The overwhelming response was partly responsible for it, claims Jamie Garaci, general manager of the Ramen Nagi group.
“We first experienced Inosho Ramen as a kitchen takeover at one of our shops, and the response was incredible … and made it clear that there was a real demand for something new and exciting in Manila’s ramen scene,” Garaci said.
“That inspired us to open a dedicated space for Inosho Ramen, introducing a different kind of broth and a fresh perspective for ramen enthusiasts looking for something beyond the usual.”
On top of that, Nakamura adds, “It’s 90 percent because of the people involved.” Apparently, the chef was already searching for an international spot. And after the Manila stint and meeting the right people, plus the fact that the Philippines is a growing market, opening Inosho in the country was fate.


Complex and potent taste
When it comes to ramen, the metro is already spoiled for choice. But there’s always room for another player.
Founded in 2006 by the renowned chef, Inosho is built on nearly two decades of perfecting an umami-rich tonkotsu-gyokai broth that’s slow-simmered for two days, resulting in a bowl that has deep flavors and provides an experience unlike any other. The indulgent marriage of porky tonkotsu and gyokai (a combo of bonito, mackerel, and dried baby sardines) provides a complex and potent taste.
The menu includes the two dishes they brought over for the pop-up: Inosho Ramen and Kara Kara Uo Ramen, with a 12-hour, slow-cooked braised pork as well as their tsukumen counterparts.

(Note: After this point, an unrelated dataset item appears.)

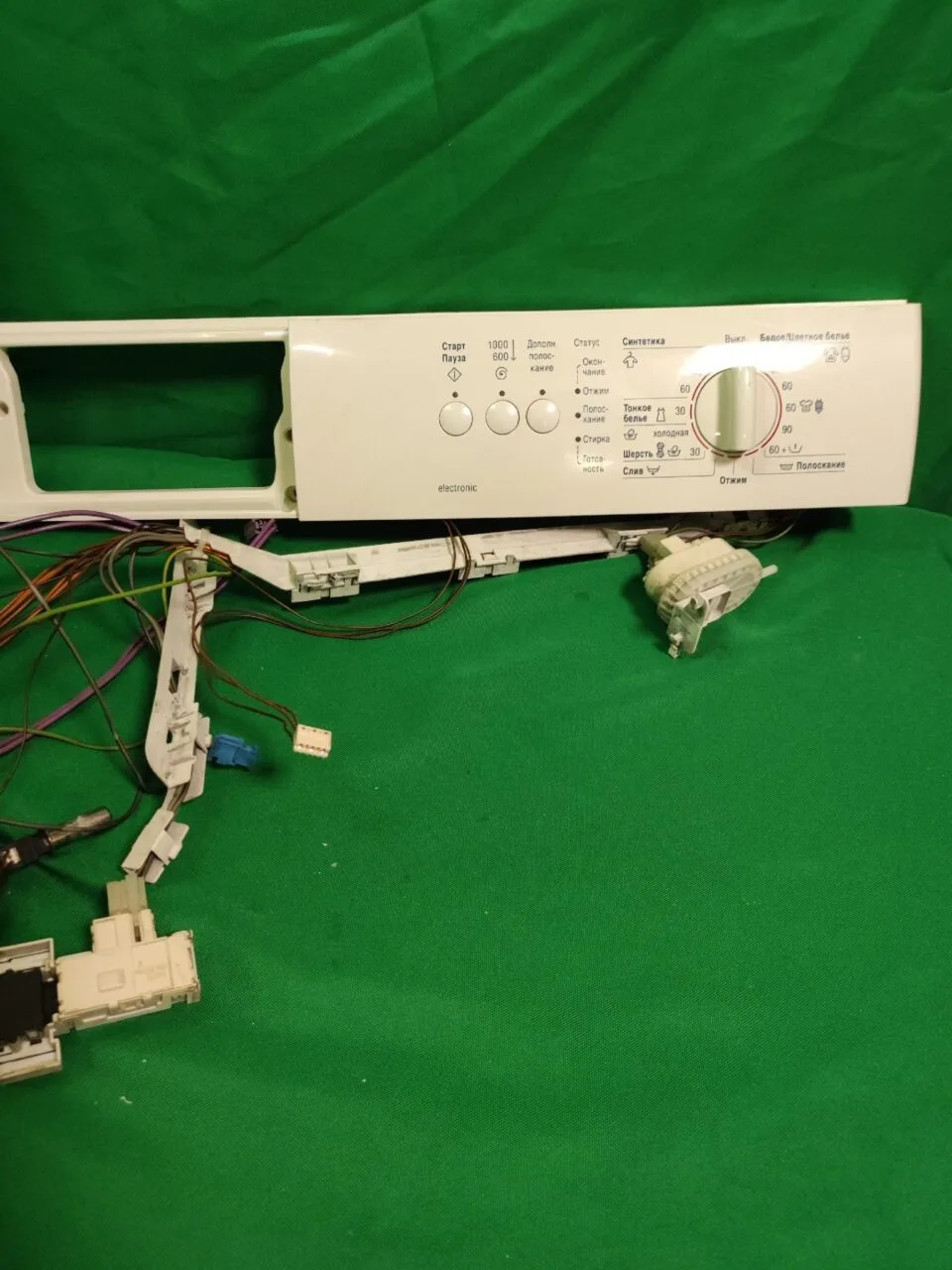 Модуль Bosch EPW 65008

Customers can order add-ons like the ajitama or soy-marinated soft-boiled egg, gohan or Japanese white rice, and a trio of jiro or veggies—one made up of bean sprouts and cabbage, a spicy version, and another with tangy crushed tomatoes.
There is also a thoughtfully curated bar program and a collaboration with Christian Lansang, a Michelin-trained chef who worked in top kitchens in Tokyo and Sweden.
“The menu they wanted initially was to complement the ramen but also stand on its own as bar food,” says Lansang. “It wasn’t until I met Nakamura a couple of weeks ago that I actually redid the whole side menu and really focused on doing a mix of his flavors, familiar menu items, and a bit of my own stuff.”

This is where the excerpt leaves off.